No stranger to portraying and revealing the insecurities of characters with oversized egos, Steve Coogan plays a right-wing radio host in Hot Air. This fact is almost enough of a selling point for the movie, although that would suggest that the movie is actually about Coogan's character.

Instead, screenwriter Will Reichel makes it about Coogan's Lionel Macomb, a blowhard who daily attacks "coastal elites" while living the high-life in New York City, and his relationship with an estranged niece, who arrives at the professional ranter's luxurious apartment after her mother, Lionel's sister, ends up in rehab again. Tess (Taylor Russell), the 16-year-old niece, obviously disagrees with her uncle's politics and attitude. When he isn't treating his niece as a representative of her supposedly misguided generation, Lionel is just annoyed that he feels forced to worry about another person.

Obviously, these two will learn a lot about and from each other over the course of the story. Most of that sympathy, though, is focused on Lionel, painting him as a poor, wounded soul, whose outlook on life might have been completely different if he felt as if anyone actually cared about him.

Watching director Frank Coraci's movie, one can't help but think of Lionel's real-world corollaries, especially since Reichel makes some indirect but obvious references to the current political landscape. Maybe it's unfair, but finding sympathy for someone like Lionel, who publicly and privately displays no such care for anyone or anything but himself and his own misery, feels like a losing proposition.
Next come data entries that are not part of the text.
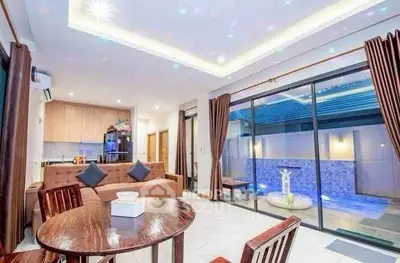 Luxurious open-plan living room with pool view, modern furniture, and elegant lighting.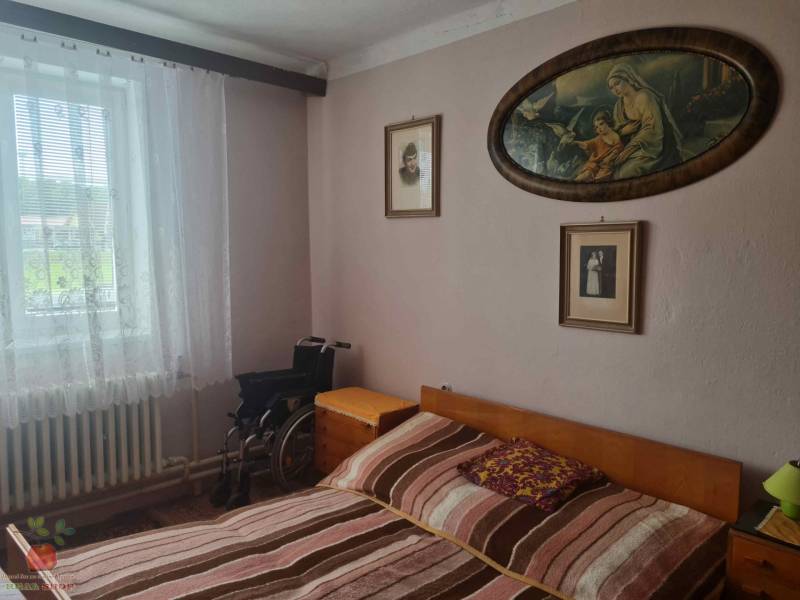 Spálňa v rodinnom dome s obrazmi, posteľou, invalidným vozíkom a oknom s čipkovými závesmi.
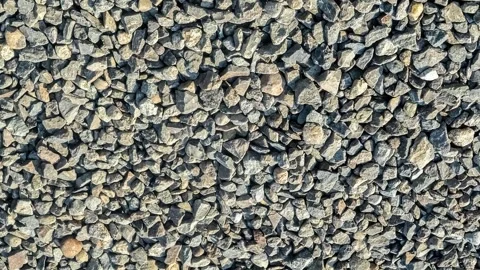 Seamless rotating loop of a natural grey crushed gravel stone aggregate sur.. Stock-Footage 343513579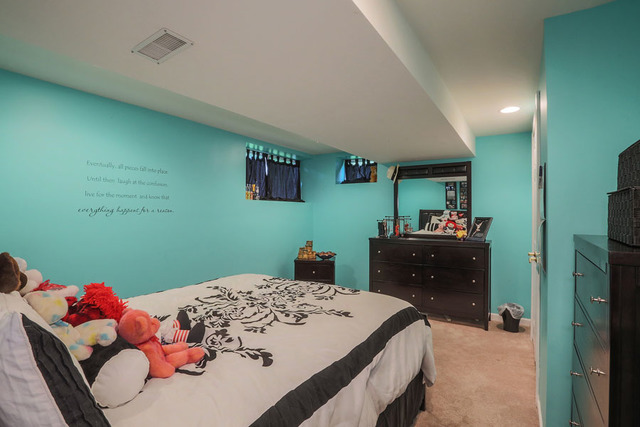 2639 Saltmeadow Road Naperville, IL 60564 - Photo 21 of 25 a bedroom with a bed and a dresser in it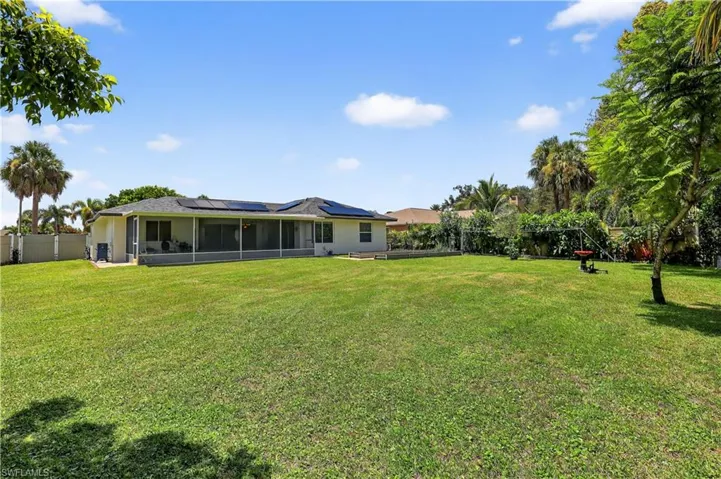 View of yard with a sunroom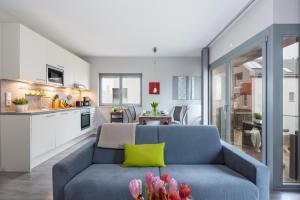ハイリゲンハーフェンにあるOstsee - Appartement "Promenade74" im Strand Resortのリビングルーム(青いソファ付)、キッチン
It's not simply that, though. The movie itself is tonally off-key, reducing its characters to agents of feel-good change and approaching that change with a sappy form of psychoanalysis. Coogan is quite good here, especially when he has to fume through one of Reichel's many political monologues. Russell is also good, although Tess and other characters' counter-arguments are less specific and don't have the verve of Lionel's speeches. Neve Campbell is also solid as Lionel's publicist/girlfriend, who loves him for unknowable but, just from her performance, convincing-enough reasons.

Hot Air is mostly toothless—as a dissection of figures like Lionel, as a political comedy, as drama about these pained people, as a message of unity in divisive times. A movie such as this might get away with a couple of those shortcomings—definitely not all of them.